BRIEF DESCRIPTION OF DRAWINGS

The foregoing summary, as well as the following detailed description of the invention, is better understood when read in conjunction with the appended drawings. For the purpose of illustrating the invention, exemplary constructions of the invention are shown in the drawings. However, the invention is not limited to the specific methods and structures disclosed herein. The description of a method step or a structure referenced by a numeral in a drawing is applicable to the description of that method step or structure shown by that same numeral in any subsequent drawing herein.

FIG. 1 shows a computer-implemented system executed in a network environment for processing transactions using a nested blockchain platform in an embodiment of the present invention.

FIG. 2 shows the structured blocks of the nested blockchain platform in one embodiment of the present invention.

DETAILED DESCRIPTION OF EMBODIMENTS

The present invention is best understood by reference to the detailed figures and description set forth herein.

It is expected that the present invention may be embodied in other specific forms without departing from its spirit or essential characteristics. The described embodiments are to be considered in all respects only as illustrative and not restrictive. The scope of the invention is, therefore, indicated by the appended claims rather than by the foregoing description. All changes that come within the meaning and range of equivalency of the claims are to be embraced within their scope.

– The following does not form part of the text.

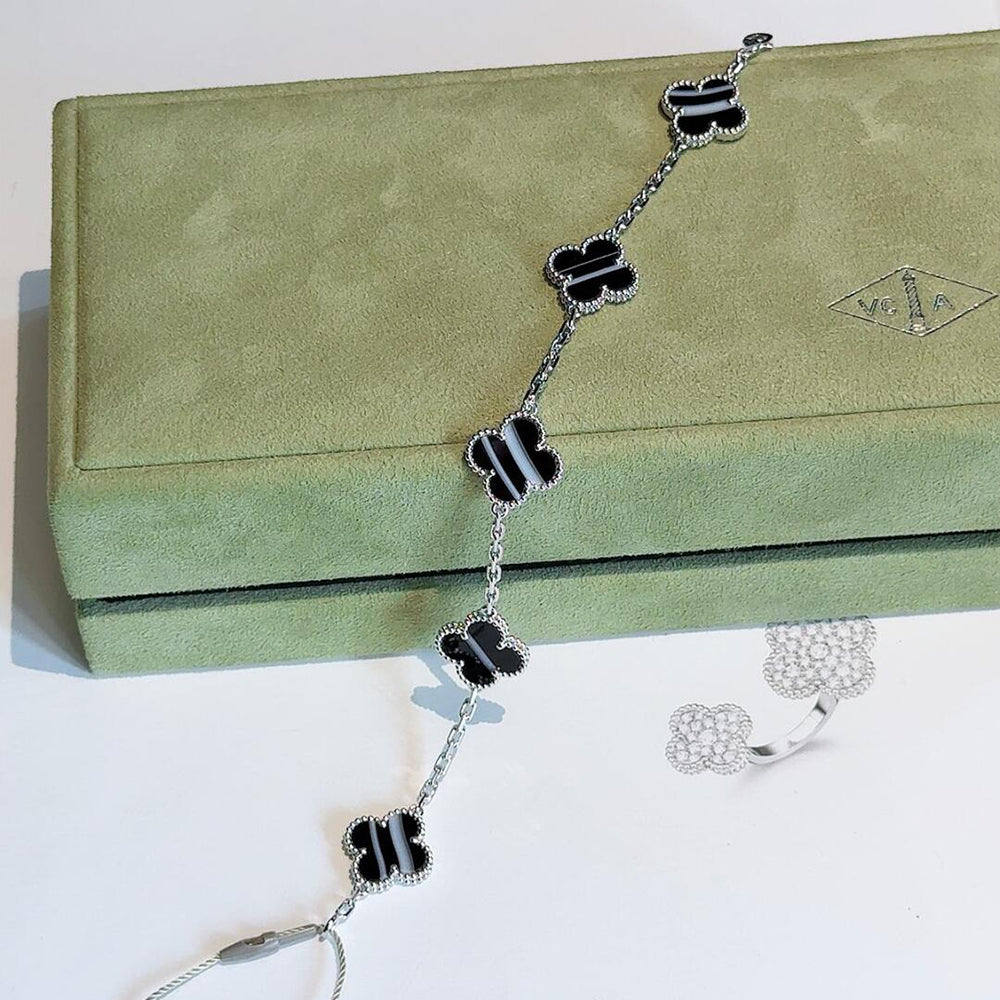¡®Loco¡¯CLOVER 5 MOTIF VEINED ONYX BRACELET SILVER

Referring to FIG. 1, a computer-implemented system of a sustainability-driven fifth-generation blockchain or firechain or firechain executed in a network environment 100 for providing nested blockchain platform, according to one embodiment of the present invention. The system runs in the computer-implemented network environment 100 configured to provide the nested blockchain. The nested blockchain is a fusion of one or more firechain blocks and smaller chains. In one embodiment, the system processes transactions using one or more nodes to create concurrent blocks and maintains smaller chains forming the nested blockchain platform. In one embodiment, the system is an application software or web-based application or mobile application or desktop application.

In one embodiment, the network environment 100 comprises one or more user devices 102. Each user device 102 is associated with a user. In one embodiment, the user device 102 is installed with the application software. The system further comprises a network 104 and a blockchain transaction management system 106. In one embodiment, the user device 102 is enabled to access the blockchain transaction management system 106 via the network 104. In one embodiment, the user device 102 enables the user to access one or more services provided by the system. In one embodiment, the user device 102 is at least any one of a smartphone, a mobile phone, a tablet, a laptop, a desktop, and/or other suitable hand-held electronic communication devices. In one embodiment, the user device 102 comprises a storage medium in communication with the network 104 to access the blockchain transaction management system 106. In an embodiment, the network 104 could be Wi-Fi, WiMAX, wireless local area network (WLAN), satellite networks, cellular networks, private networks, and the like.

In one embodiment, the blockchain transaction management system 106 comprises a computing device 108 and one or more databases 110 in communication with the computing device 108. In one embodiment, the computing device 108 is a server. In one embodiment, the computing device 108 could be a cloud server. In one embodiment, the server could be operated as a single computer. In some embodiments, the computer could be a touchscreen and/or non-touchscreen and adopted to run on any type of OS, such as iOS™, Windows™, Android™, Unix™, Linux™, and/or others. In one embodiment, the plurality of computers is in communication with each other, via networks. Such communication is established via any one of an application software, a mobile application, a browser, an OS, and/or any combination thereof.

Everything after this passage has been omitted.